For their 60th anniversary issue, TV Guide interviewed "Television Visionaries" to assess the current state of the tube. When asked what was missing from TV in 2013, CBS CEO Les Moonves strangely declared "I wish there was more investigative reporting right now."
That's an odd answer, since it's something he could clearly fix -- but CBS shows like "60 Minutes" are presently preferring the sit-down puffball Obama interview. "Modern Family" creator Steven Levitan also wants a crusading Edward R. Murrow figure to move public policy to the left:
"We need an Edward R. Murrow -- a serious newsperson with a large enough audience to truly affect public policy."
When asked "Of what are you most proud," Levitan and "Glee" creator Ryan Murphy both cited their on-air lobbying for the acceptance of homosexuality:
Murphy: "That I increased tolerance while entertaining people."

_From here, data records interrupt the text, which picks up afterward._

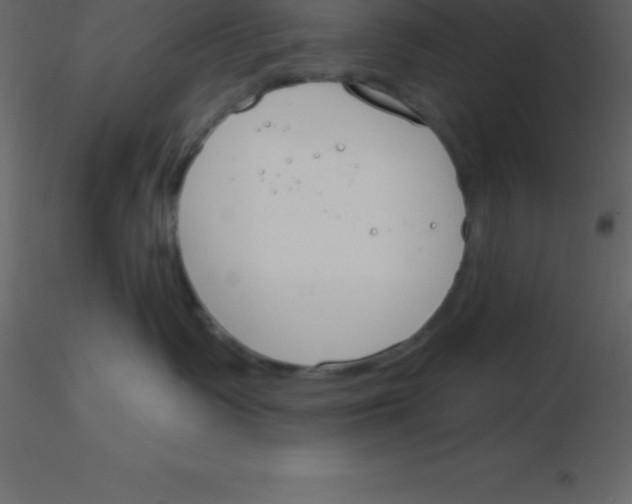 X0000115790335200912241837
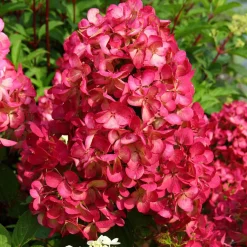 Hydrangea paniculata Diamant Rouge® 'rendia' - Des fleurs qui virent au rouge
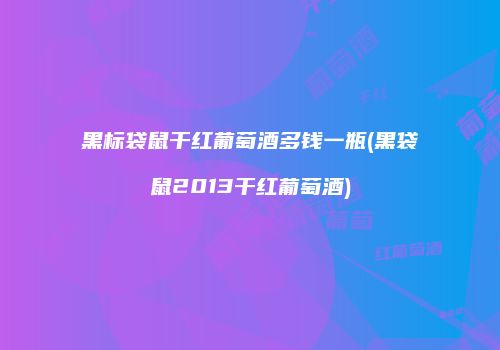 黑标袋鼠干红葡萄酒多钱一瓶(黑袋鼠2013干红葡萄酒)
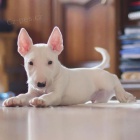 BULLTERIRA/BULLTERIRA/BULLTERIRA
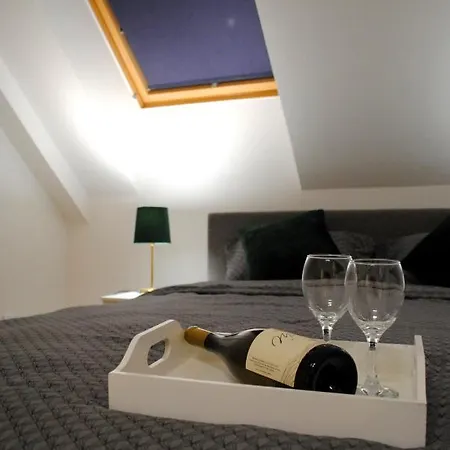 Vlasic Centar Apartman *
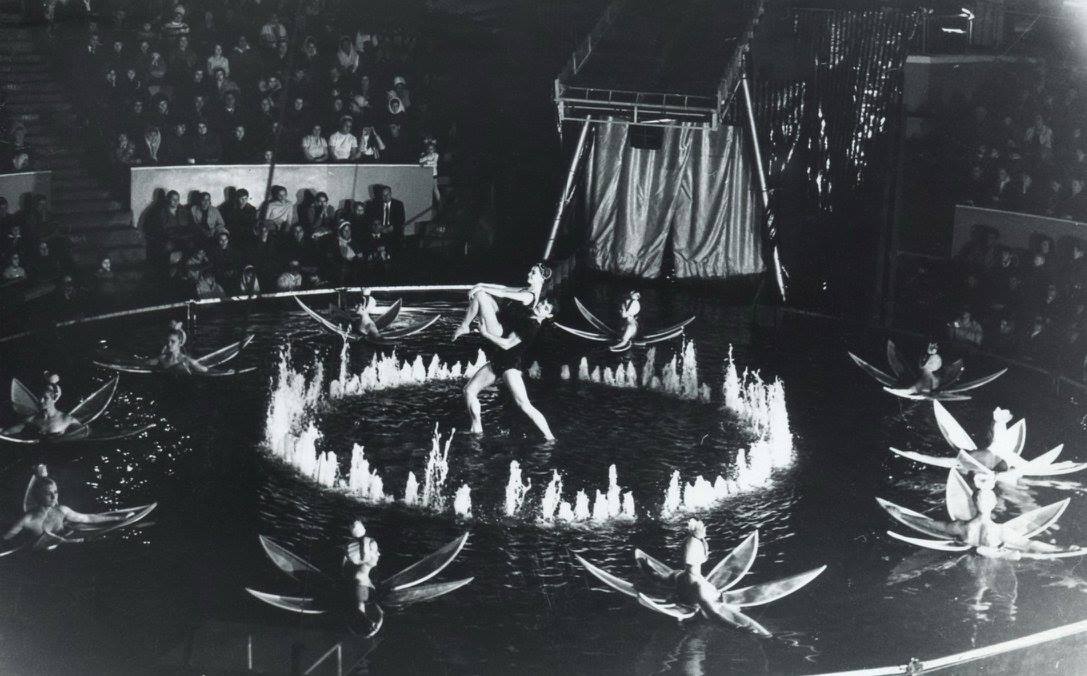 Цирк на воде в Криворожском Цирк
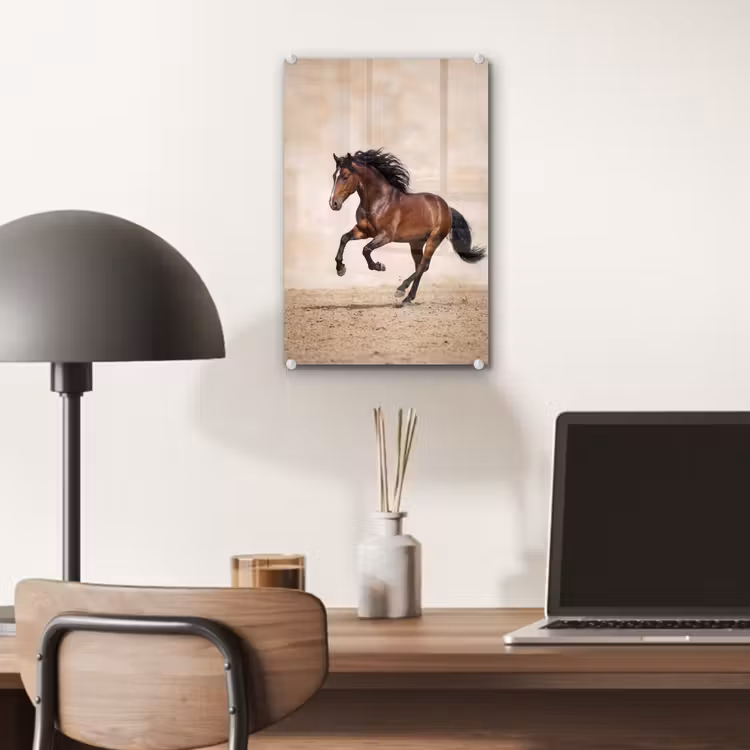 Glas schilderij - Paard - Galop - Energie — 7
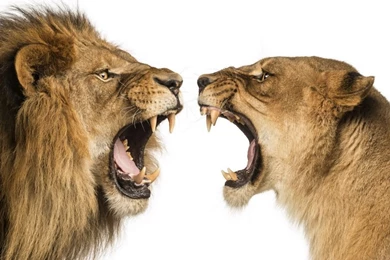 Lion Lioness HD Desktop Wallpapers : High Definition : Fullscreen ...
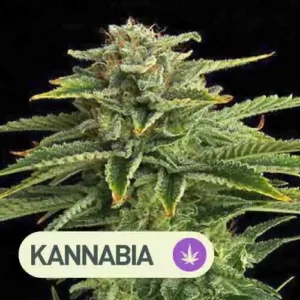 zkit kandy dream kannabia seeds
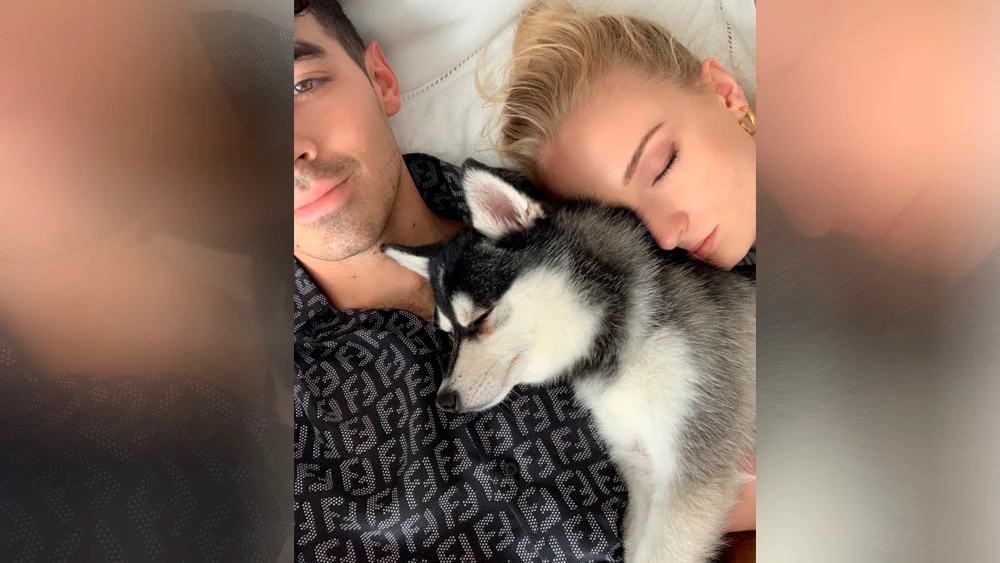 Sophie Turner y Joe Jonas con su perro Waldo.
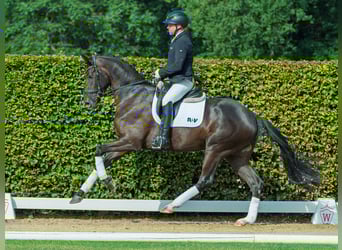 Westphalian, Mare, 3 years, 16,1 hh, Black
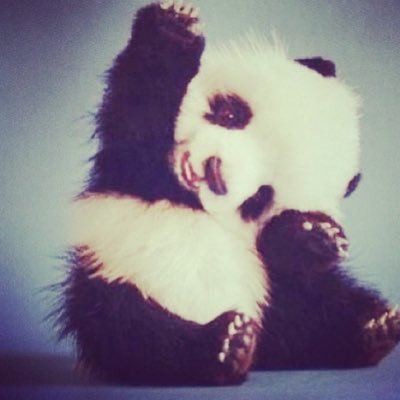 suisedated's profile picture. ೀ ⁺ 𓈒 ◌ sw 155 cw 119 lw 100 ˚ ༘ 🥮⋆｡˚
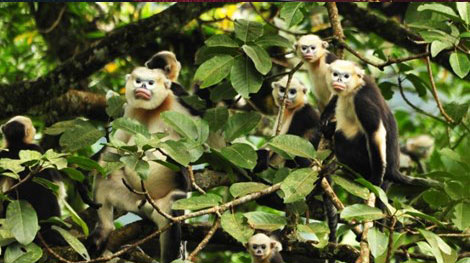 11 loài linh trưởng ở Việt Nam  có nguy cơ tuyệt chủng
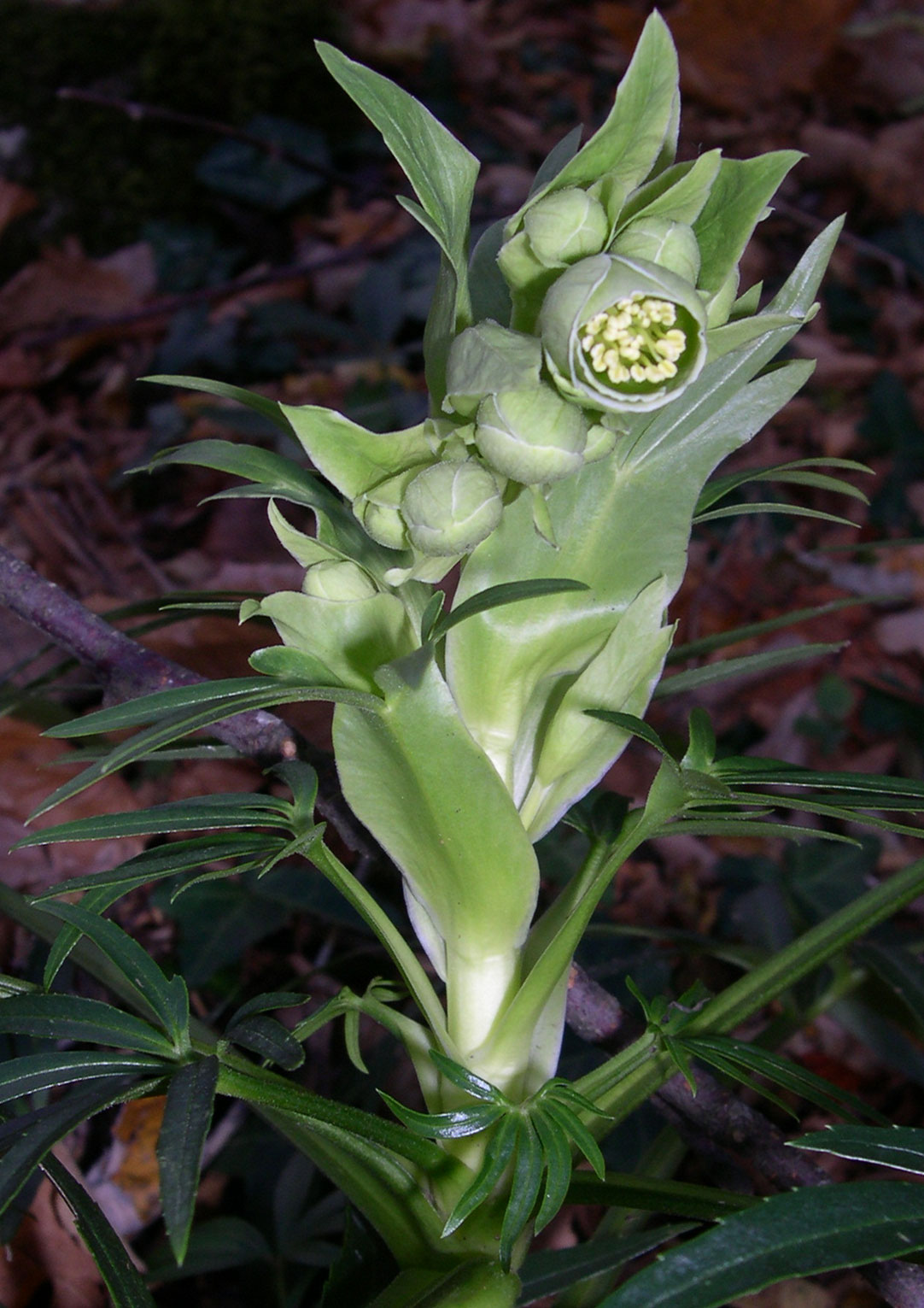 Helleborus foetidus / Elleboro puzzolente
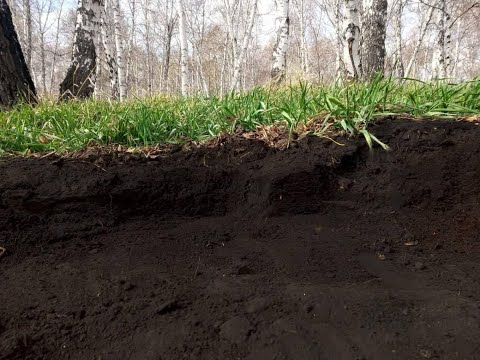 Видео: Черноземные почвы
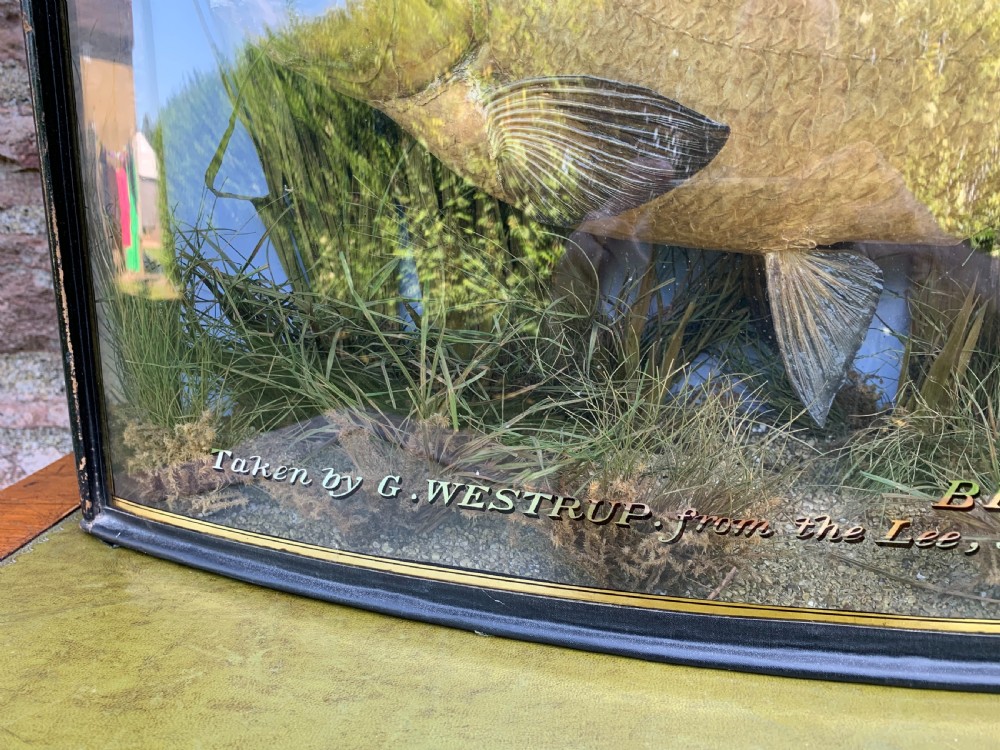 Taxidermy cased bream by Cooper  View IX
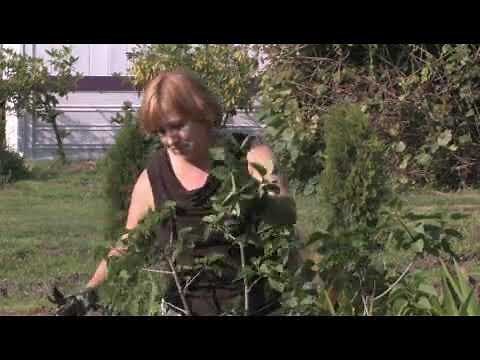 How to Prune a Lilac Bush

Levitan: "...I'm proud that Modern Family has reportedly helped so many gay people find peace within their families, and I'm very proud that it's a show so many families watch together."
Moonves, Levitan, and Murphy all donated to Obama or the DNC in the last cycle.
Several "visionaries" dismissed the question of "have content boundaries been pushed too far, or not enough?" Chuck Lorre, creator of "Two and a Half Men," cracked, "As the result of a childhood head trauma, boundaries mean nothing to me. I laugh at boundaries!"
Bill Lawrence, whose sitcom "Cougar Town" now airs on TBS, gave the rote Hollywood-executive answer: "I've always thought the idea of content control and standards should be in the hands of parents, not the FCC. Any child left unmonitored has access to any content."